I’ve been studying/working in the industry for over 4 years now and whenever I’m trying to analyze my ML models, I still end up googling for Precision v/s Recall and I just can’t seem to memorize it! If you’re one of those people, today is your lucky day! I’ve finally found a way to get the intuition behind these concepts and hence, finally understand AND memorize their meanings!

So let’s dive right in..

As we all know the formulas go like..

Precision = TP / (TP + FP)

Recall = TP / (TP + FN)

But what do they really mean?

Precision is the easier one to understand. Just remember to ask yourself — How precise is your prediction? Out of all the examples you classified as positive(TP + FP) how many were actually positives (TP). Simple right? If you think of it, precision is to be calculated on your experiment, and hence looks at your predictions not the actual data, as highlighted in the table below.

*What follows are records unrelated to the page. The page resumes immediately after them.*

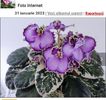 Screenshot_20230427-173839_Chrome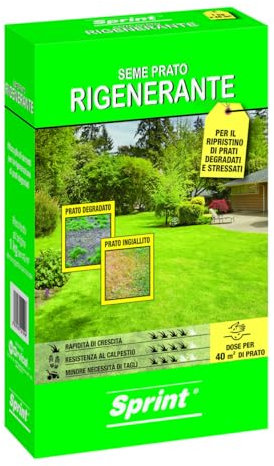 Sprint semi per prato universale rigenerante 1kg - 40m² sementi erba per tappeti erbosi danneggiati,favorisce una rapida ricrescita del prato,semi erba adatto alla rigenerazione del tappeto erboso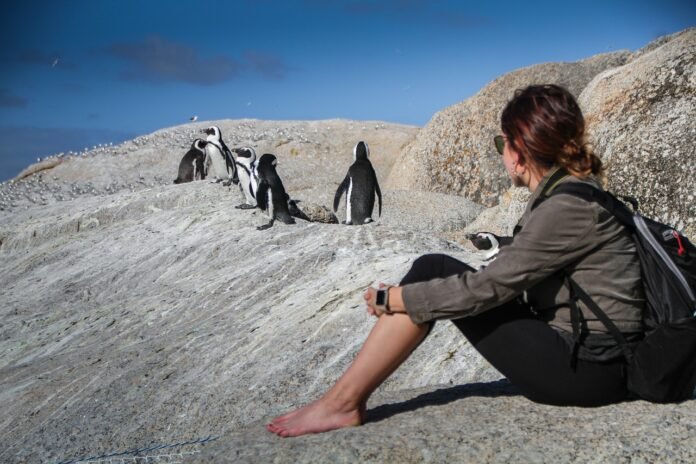 A woman dressed for cape town viewing penguins.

Recall on the other hand, can be thought of as, out of all the relevant items(all positives of actual data) how many of those were recalled(classified as +ve)? All positives of actual data would be the ones correctly classified as positive (TP) and the ones incorrectly classified as negatives (FN). So that makes up the denominator of Recall’s equation. When asking for Recall we care about the actual data labels and how many of those were successfully recalled i.e predicted as positive.

In the diagram above, the green encircling covers the parameters that Precision takes in, and the red line encircles Recall parameters.

I hope this article helped in establishing a new understanding of these performance metrics.

Good luck! :)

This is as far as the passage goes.